Of course, not that there's anything wrong with properly done OO, it's just
that golang's implementation of it is botched.

------
smacktoward
This put me in mind of a passage from the (excellent) 1982 book _Inside the
Soviet Army_ , by the Soviet defector Vladimir Rezun (which can be read in
English in its entirety here:
[http://militera.lib.ru/research/suvorov12/index.html](http://militera.lib.ru/research/suvorov12/index.html)),
which explained why ammunition for Soviet weapons hadn't been standardized
across a common set of calibers:

 _The calibre of the standard Soviet infantry weapon is 7.62mm. In 1930, a
7.62mm `TT ' pistol was brought into service, in addition to the existing
rifles and machine-guns of this calibre. Although their calibre is the same,
the rounds for this pistol cannot, of course, be used in either rifles or
machine-guns._

 _In wartime, when everything is collapsing, when whole Armies and Groups of
Armies find themselves encircled, when Guderian and his tank Army are charging
around behind your own lines, when one division is fighting to the death for a
small patch of ground, and others are taking to their heels at the first shot,
when deafened switchboard operators, who have not slept for several nights,
have to shout someone else 's incomprehensible orders into telephones-in this
sort of situation absolutely anything can happen. Imagine that, at a moment
such as this, a division receives ten truckloads of 7.62mm cartridges.
Suddenly, to his horror, the commander realises that the consignment consists
entirely of pistol ammunition. There is nothing for his division's thousands
of rifles and machine-guns and a quite unbelievable amount of ammunition for
the few hundred pistols with which his officers are armed._

 _I do not know whether such a situation actually arose during the war, but
once it was over the `TT ' pistol-though not at all a bad weapon-was quickly
withdrawn from service. The designers were told to produce a pistol with a
different calibre. Since then Soviet pistols have all been of 9mm calibre. Why
standardise calibres if this could result in fatally dangerous
misunderstanding?_

 _Ever since then, each time an entirely new type of projectile has been
introduced, it has been given a new calibre..._

 _[West Germany and France] have excellent 120mm mortars and both are working
on the development of new 120mm tank guns... [W]hat happens if, tomorrow,
middle-aged reservists and students from drama academies have to be mobilised
to defend freedom? What then? Every time 120mm shells are needed, one will
have to explain that you don 't need the type which are used by recoilless
guns or those which are fired by mortars, but shells for tank guns. But be
careful-there are 120mm shells for rifled tank guns and different 120mm shells
for smoothbore tank guns. The guns are different and their shells are
different. What happens if a drama student makes a mistake?_

 _The Soviet analysts sit and scratch their heads as they try to understand
why it is that Western calibres never alter._

(This specific chapter can be read here:
[http://militera.lib.ru/research/suvorov12/06.html](http://militera.lib.ru/research/suvorov12/06.html))

------
DiseasedBadger
If it's both clear and conventional, gcc should be able to make it clever. If
it can't, I'd rather pay a human to profile it, than to make it clever.
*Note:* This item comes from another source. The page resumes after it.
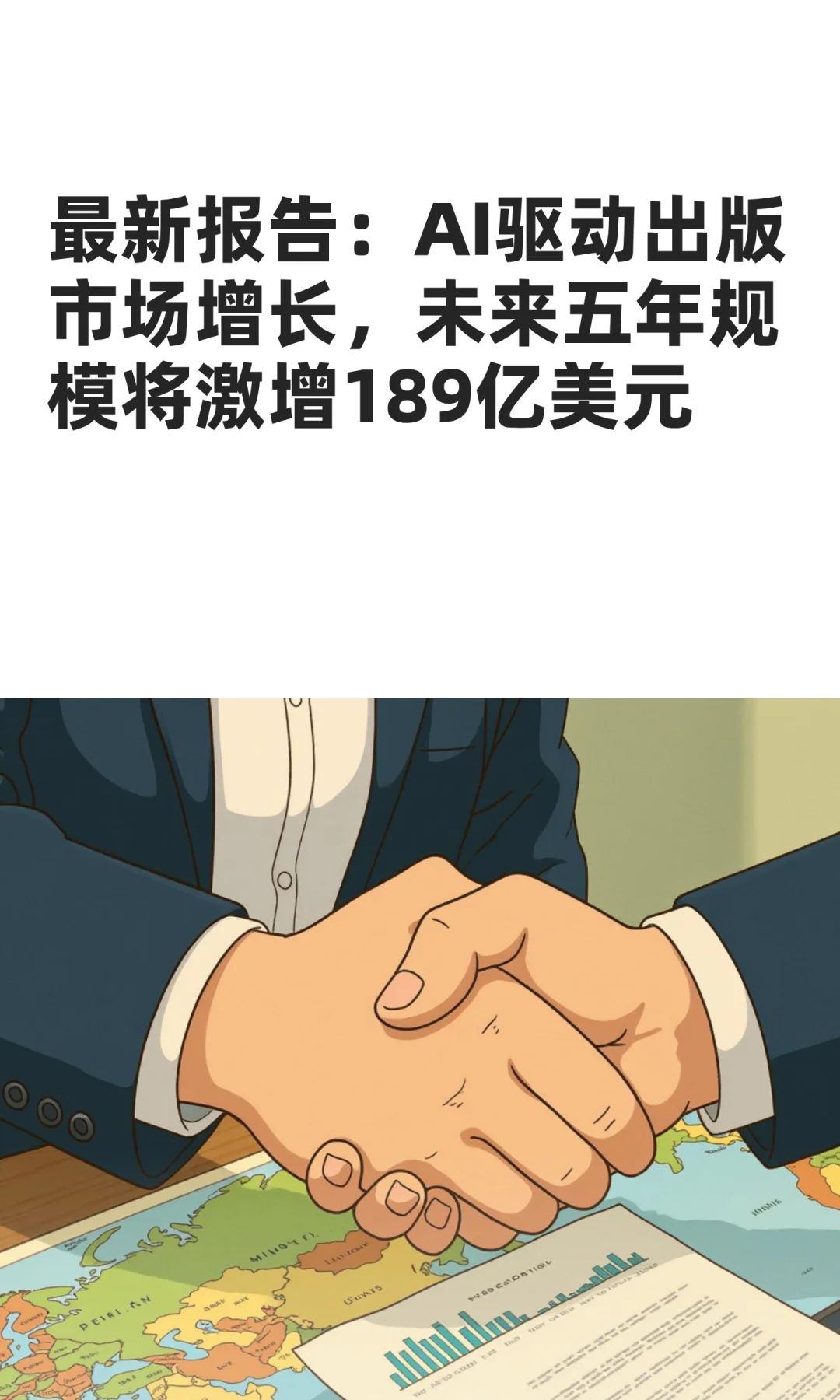 最新报告：AI驱动出版市场激增！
There are too many developers who are "super good at writing clever code", and
not enough who are comfortable with profiling and analytics.

------
ksaj
Nice. I said exactly this for the same reason yesterday. In that case it was a
thread about Lisp. Here's the comment:

> Even the open source Common Lisp compilers, written by arguably the lispiest
> of Lispers, don’t have a lot of “cleverness”.

To which I replied my agreement:

> Don't write clever. Write clear.

Its a sentiment that you find attached to Lisp programming style fairly often,
although ironically there is a whole lot of barely readable Lisp code out
there.

Personally, I think the code is (nearly) worthless crap if someone with skill
has to spend as much time parsing it as the writer did writing it.

[https://news.ycombinator.com/item?id=20376344](https://news.ycombinator.com/item?id=20376344)

------
ufo
That switch case transformation in the end is just syntactic sugar for the
equivalent if-else-if chain so I am not sure it is actually an improvement.

That said, I still agree with the basic idea. An if-else-if chain is easier to
reason about than if-return, and representing information with enum or
algebraic data type can be more robust than using a combination of booleans.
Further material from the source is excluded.